("Shooting to the right" : When shooting increasing the exposure as much as possible without clipping highlights, later in RAW processing decreasing the exposure as needed. Credit for that theory goes to Michael Reichmann that published this article in Luminous Landscape)
The idea here is to demonstrate an intuitive way I found to understand it by myself: Increasing the exposure one stop has an equivalent effect in terms of noise as shooting at half the ISO. Increasing two stops the exposure is like shooting at 1/4 the ISO (Always taking care of not clipping highlights and later compensating that overexposure in RAW processing)
To test it I made three shoots, one base image at ISO 400 metered with the camera that gave 1/4sec at f6.3.
Another shoot at ISO 1600 metered with the camera that gave 1/15sec f6.3 (as the sensibility increased two stops the exposure time got reduced one quarter)
AND the third one at ISO 1600 exposing to the right two stops: The metering gave 1/15sec, two stops more gives 1/4sec.
(The reason for shooting at ISO 400 and 1600 is to work with the worse noise settings so it would be more obvious in the shoots. With current cameras at low ISO settings it's difficult to perceive the noise. Notice that the technique as meaning only if you are shooting at the lower ISO setting of the camera. If you find that you can expose to the right with a higher ISO and not clipping highlights then definitely you can decrease the ISO and meter again)
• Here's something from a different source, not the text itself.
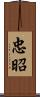 忠昭 Scroll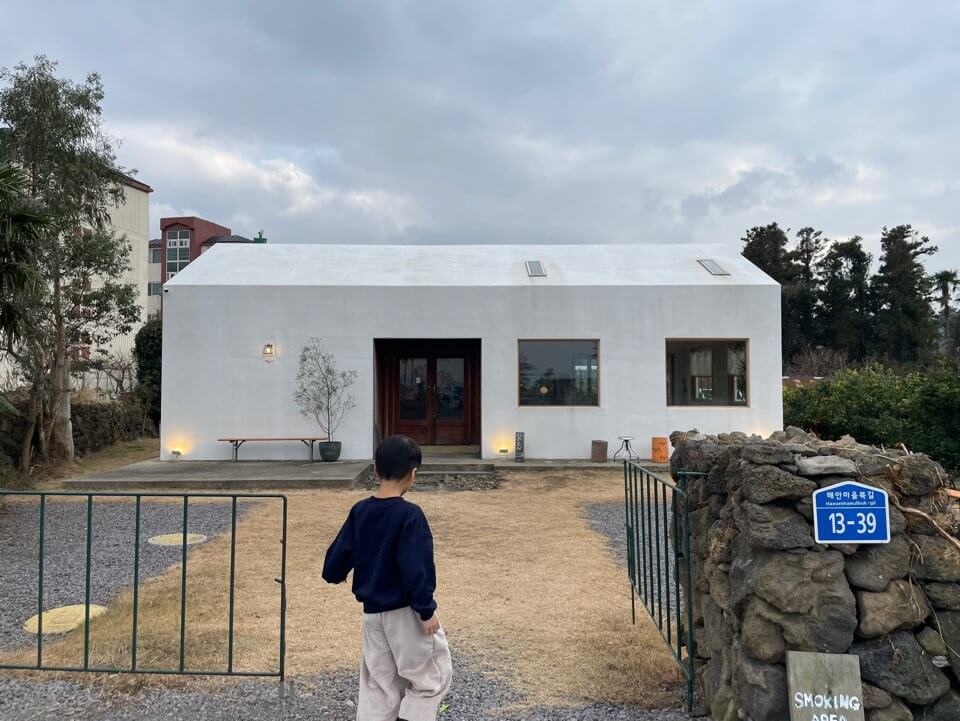 제주도-카페-추천-두갓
1 - The base image: ISO 400 1/4sec f6.3.
Camera Canon 20D.
Raw processor Capture One LE. Noise Suppression=0 ColorNoise Suppression=0 Banding suppression=0
Sharpening Std Amount=200 Threshold=0.
Apart of the base image described above two other shots:
2 - ISO 1600 1/15 sec f6.3. Capture 1 same settings as 1
3 - ISO 1600 1/4sec f6.3. (the shoot-to-the-right) In Capture 1 Exposure compensation= -1.40 all other settings the same as in 1
These are crops at 200% magnification of the same region of the three images (it's the white rectangle in the image above)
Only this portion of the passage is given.